Assigned task:
Every line from the one containing "Cadherin 13 antibody" to the end of the records below should be returned exactly; pictures are to be dropped.

-- Data supplied follows --

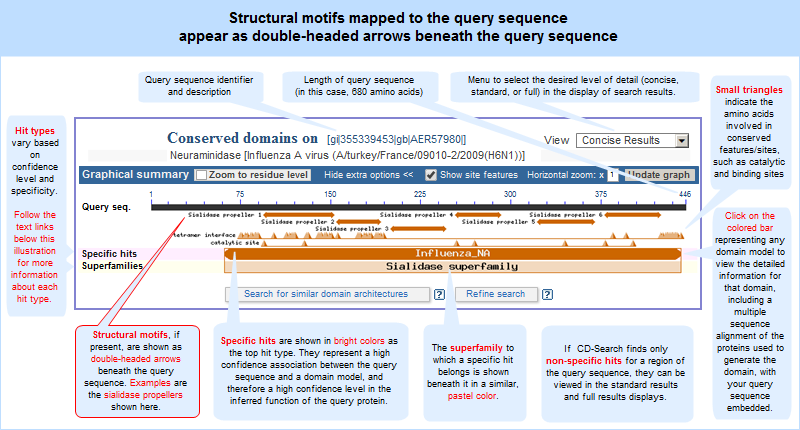 Image showing double-headed arrows that sometimes appear in CD-Search results. The represent structural motifs mapped to the query protein sequence. Structural motifs are regions in proteins and protein domains that are too small to be modelled as individual evolutionarily conserved domains and too extensive to be characterized as conserved features/sites. Click anywhere on the graphic to open the actual, interactive CD-Search results page for this exmaple, AER57980, neuraminidase from Influenza A virus.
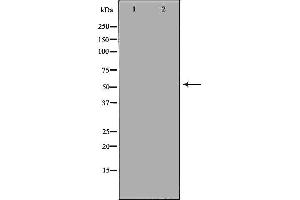 Cadherin 13 antibody  (Internal Region)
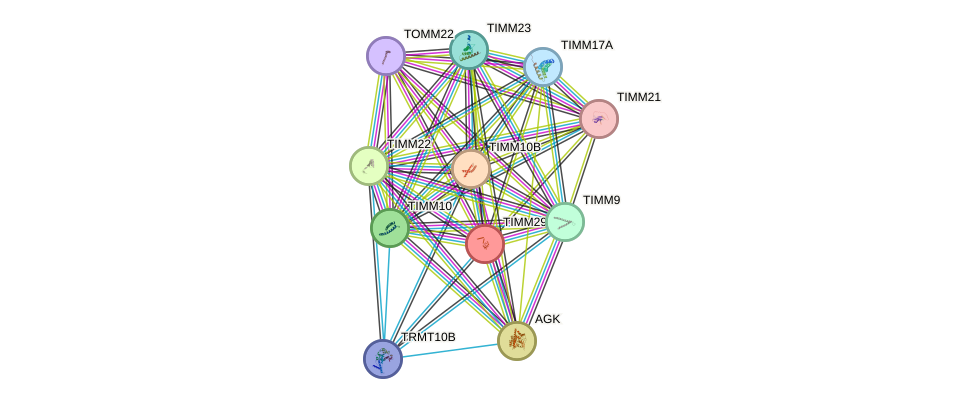 STRING protein interaction network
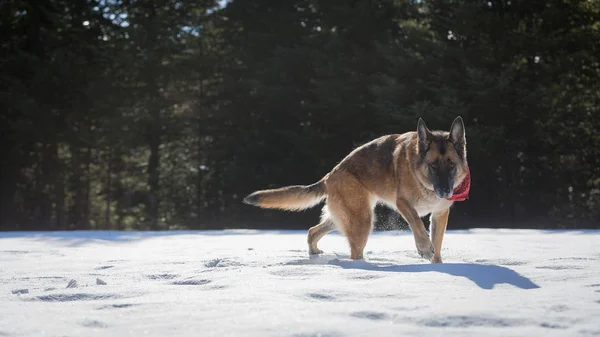 Tysken Fåraherde hund promenader genom snön mot kameran — Stockfoto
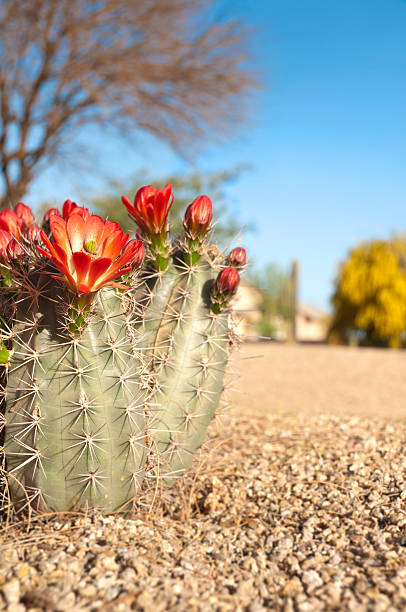 cactus puerco espín cerezos en flor de flor roja - cactus blooming southwest usa flower head fotografías e imágenes de stock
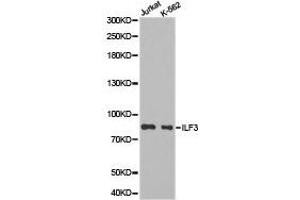 Western Blotting (WB) image for anti-Interleukin enhancer-binding factor 3 (ILF3) antibody (ABIN1873224) (Interleukin enhancer-binding factor 3 (ILF3) antibody)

-- Data supplied concluded --

Response to the task:
 Cadherin 13 antibody  (Internal Region)
 STRING protein interaction network
 Tysken Fåraherde hund promenader genom snön mot kameran — Stockfoto
 cactus puerco espín cerezos en flor de flor roja - cactus blooming southwest usa flower head fotografías e imágenes de stock
 Western Blotting (WB) image for anti-Interleukin enhancer-binding factor 3 (ILF3) antibody (ABIN1873224) (Interleukin enhancer-binding factor 3 (ILF3) antibody)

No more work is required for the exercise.